Waktu pembasahan erat hubungannya dengan struktur dalam tablet dan hidrofilitas dari eksipien (Bhowmik, Chiranjib, Krishnakanth, Pankaj, Chandira, 2009). Hasil uji waktu pembasahan ditunjukkan pada Tabel 4.3. Waktu pembasahan paling cepat dimiliki oleh formula C yaitu sebesar 7,64 detik. Formula E memiliki waktu pembasahan paling lambat yaitu 298,25 detik. Hasil pengamatan menunjukkan bahwa semakin tinggi konsentrasi maltodekstrin DE 10-15, semakin cepat pula waktu pembasahannya. Cepatnya waktu pembasahan oleh maltodekstrin DE 10-15 karena hidrofilitas dan aksi porositas serta kapilaritas dari maltodekstrin membuat cairan dapat berpenetrasi ke dalam tablet secara cepat (Gonnissen, Remon, dan Vervaet, 2008).
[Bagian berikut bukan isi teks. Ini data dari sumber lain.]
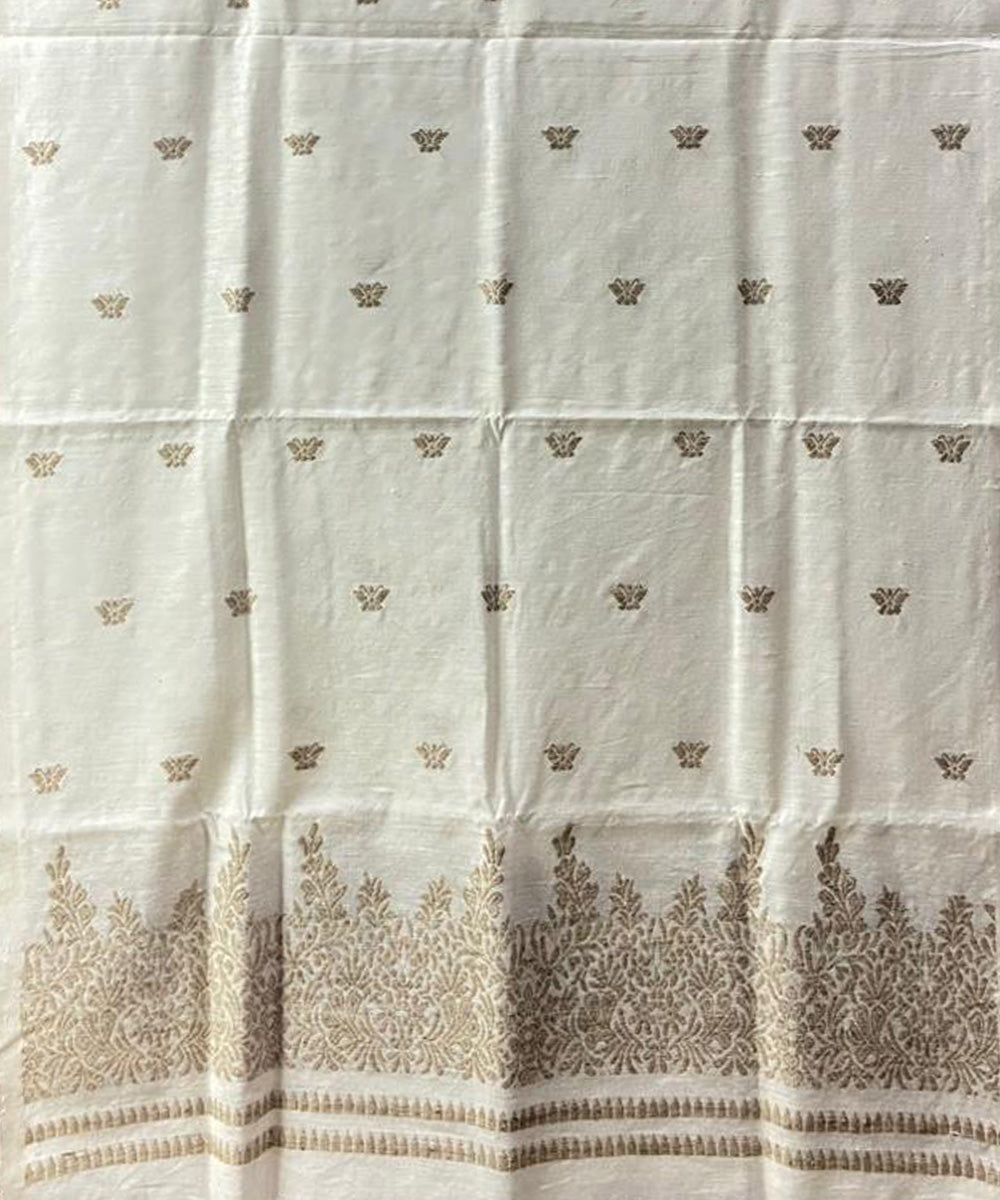 Cream brown handwoven eri silk assam stole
Waktu pembasahan akan menurun seiring dengan adanya PPS. Waktu pembasahan formula A lebih cepat dibandingkan formula D dan E. Hal ini menegaskan bahwa semakin tinggi konsentrasi PPS semakin lama waktu pembasahannya.
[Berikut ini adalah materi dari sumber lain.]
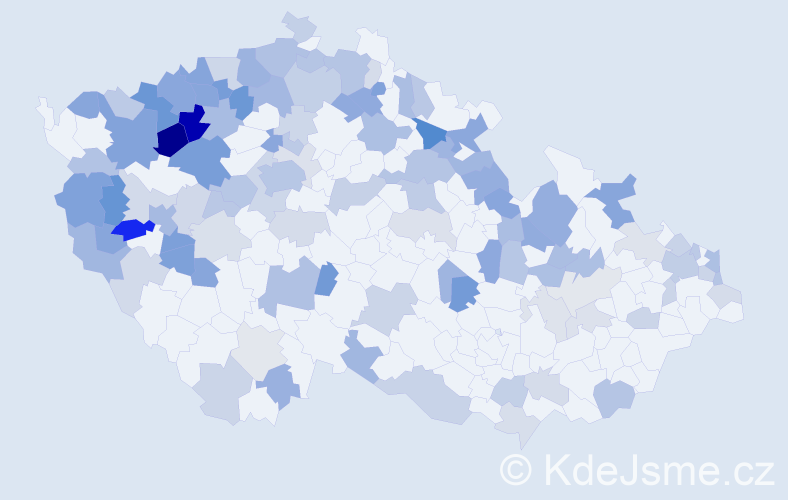 Jméno: 'Slavěna', počet výskytů 224 v celé ČR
Waktu hancur merupakan parameter paling penting pada tablet cepat hancur. Metode evaluasi waktu hancur untuk tablet cepat hancur berbeda dengan tablet konvensional. Oleh karena itu modifikasi evaluasi waktu hancur dilakukan dengan cara merefleksikannya dengan kondisi rongga mulut (Bhowmik, Chiranjib, Krishnakanth, Pankaj, Chandira, 2009). Syarat waktu hancur untuk tablet cepat hancur adalah kurang dari 3 menit (Bhowmik, Chiranjib, Krishnakanth, Pankaj, Chandira, 2009). Hasil uji waktu hancur ditunjukkan oleh Tabel 4.3. Waktu hancur paling cepat dimiliki oleh formula D yaitu 24,49 detik yaitu formula yang mengandung maltodekstrin DE 10-15 sebesar 10% dan PPS sebesar 30%. Formula D lebih cepat hancur dibandingkan dengan formula E yang tidak mengandung maltodekstrin DE 10-15. Namun waktu hancur formula E masih lebih baik dibandingkan dengan formula lainnya yang menggunakan

maltodekstrin DE 10-15 lebih dari 10%. Kandungan maltodekstrin DE 10-15 yang besar pada formula C membuat tablet menjadi lebih lama hancur yaitu selama 69,67 detik. Hal ini karena ketika berada dalam lingkungan yang penuh air, maltodekstrin akan membentuk lapisan gel pada sekitar tablet sehingga menghalangi penetrasi air ke dalam tablet (Gonnissen, Remon, dan Vervaet, 2008). Lamanya waktu hancur yang dibutuhkan oleh formula C dapat diatasi dengan menambahkan PPS sebesar 10% seperti yang ditunjukkan oleh formula F dimana waktu hancurnya menjadi 38,55 detik. Hasil waktu hancur formula G (35,77 detik) lebih cepat dibandingkan formula B (46,40 detik) semakin menegaskan bahwa maltodekstrin DE 10-15 memiliki waktu hancur yang lebih lama dibandingkan PPS namun hal ini belum tentu terjadi pada maltodekstrin DE yang lainnya. Oleh karena itu, perlu diadakan penelitian lebih lanjut untuk mengetahui apakah maltodekstrin dengan jumlah DE yang lebih kecil atau lebih besar akan mempengaruhi waktu hancur tablet. Kombinasi aksi porositas dan kapilaritas yang dimiliki maltodekstrin dipadu dengan mekanisme mengembang yang dimiliki PPS membuat tablet lebih cepat hancur. Urutan waktu hancur tablet dari paling cepat hingga paling lambat adalah D < E < A < G < F < B < C.

***

Pada penelitian ini, tablet cepat hancur dibuat dengan menggunakan maltodekstrin DE 10-15 dan PPS sebagai penghancur. Dari seluruh formulasi yang dibuat, diperoleh hasil bahwa formula F yang mengandung maltodekstrin DE 10-15 sebesar 40% dan PPS sebesar 10% memberikan hasil yang paling baik yaitu kekerasan 3,39 kp, keregasan 0,74%, waktu pembasahan 7,87 detik dan waktu hancur 38,55 detik.